Fondé en 1983 --Unis pour la diversité et l'égalité raciale

BLACK BUS RIDER FILED CIVIL RIGHTS COMPLAINT AFTER BEING DETAINED AND FINED AFTER CASINO TRIP



Montreal, April 30, 2013 --- A Black senior citizen, who was charged last year by two Montreal Transit Authority (MTA) inspectors for riding a bus without paying her fare, has filed a civil rights complaint against the agency.

In June 2012, at around 11:00 pm, Ms. Yvonne Sam, a retired nurse and volunteer contributor to Community Contact , a local Black newspaper, took the MTA bus from the Casino to Jean Drapeau metro station to go home. She normally drives but decided to take public transit that evening to go to the Casino.

Other than the bus driver who was Black, she was the only Black person on the bus with a dozen other riders. When the bus let people off in front of the subway station, Ms. Sam was the last person to step out of the vehicle and was walking towards the station when she stopped by a young white male MTA inspector who asked for her proof of fare payment. No other riders were stopped.

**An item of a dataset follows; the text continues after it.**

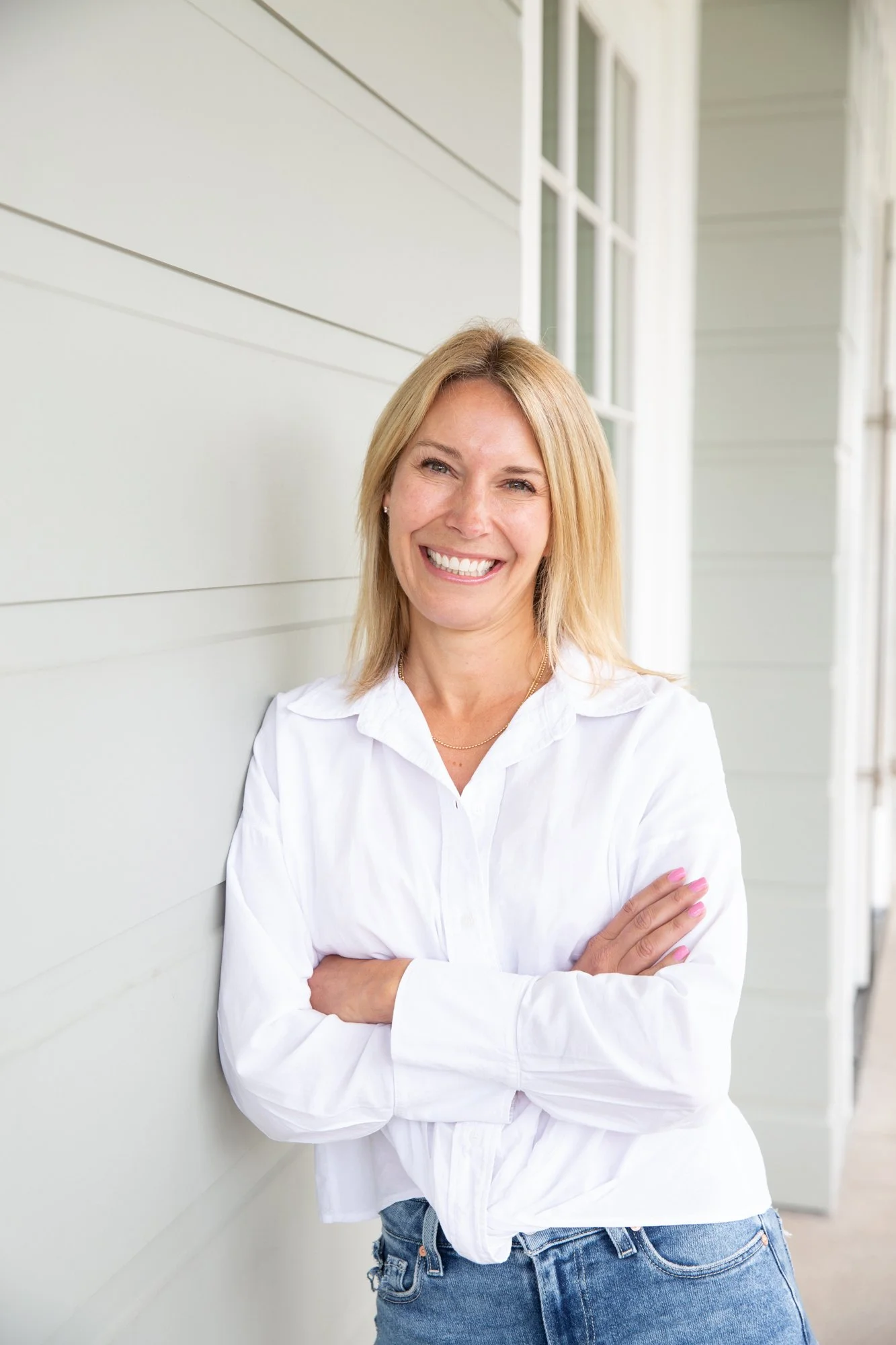 Portrait of a smiling blonde woman with arms crossed, standing outdoors against a light-colored wall with windows.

She produced her Opus card, which she used to board the bus. The inspector scanned her card, and then accused her of not paying the bus fare. Although she told him that she had earlier filled her card and that there were 13 tickets on it, the inspector told her loudly that he would charge her with the offense of riding the bus without payment. When she told him to check with the bus driver, since in her mind, she would not be allowed on the bus had she not paid the fare, the inspector told her that “the driver is new and he does not know everything.” He added that it was not the driver’s job to ensure proper scanning of Opus cards.

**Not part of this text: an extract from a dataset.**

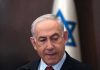 Man in suit with Israeli flag in background.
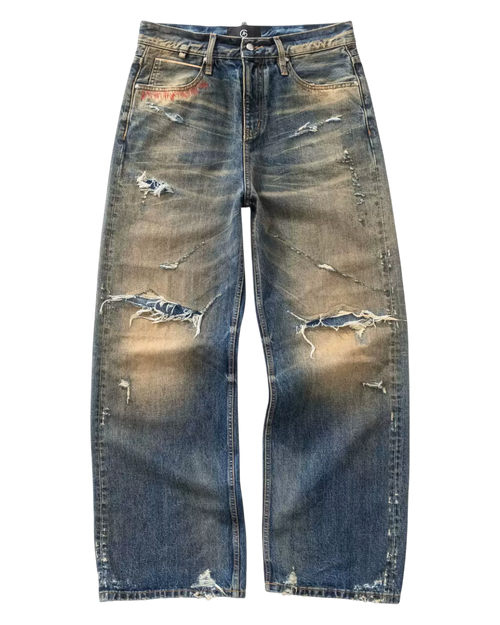 Distressed blue jeans on a white background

Despite being told by another passenger who was on the bus with Ms. Sam that she was indeed scanned her Opus card and got on the bus without any problem, the inspector and another inspector, who arrived during the exchange, ended up charging her with the offense of riding without paying her fare, and gave her a $217 fine.

Unhappy with the way she was singled out and fined, Ms. Sam went the next day to the Lionel-Groulx metro station to check her Opus card, and was told that the chip on the card was slightly damaged, which could result in the inaccurate reading of the card, hence the inspector’s fine. She was given a replacement card and a courtesy ticket.

In April 2013, Ms. Sam went to the Municipal Court to defend herself against the charge. After explaining the facts to a MTA representative, before the hearing, she was told that she was free to go. The charge was withdrawn.

“Was it a strange coincidence that of all the passengers who got off the bus that night, I happened the only person stopped and checked, that I happened to be the only Black passenger, that the inspector dismissed the driver who happened to be Black as being new and knowing nothing, and that I was publicly treated like a criminal despite my age?”, asked Ms. Sam.

“It is clear that for some people, Black people know nothing, cheat and deserve to be charged with an offense, regardless of the reasons or circumstances. Is there an institutionalized mindset in the MTA that profiles and penalizes Black people?” she added. “I never thought that at my age, I had to live under the shadow of shame, stress and a penal record during an entire year.”

With CRARR’s help, Ms. Sam is claiming moral and punitive damages in the civil rights complaint as well as a review of the MTA practices of fare inspection and penalization of riders. She no longer uses public transit to go to the Casino as a result of this experience.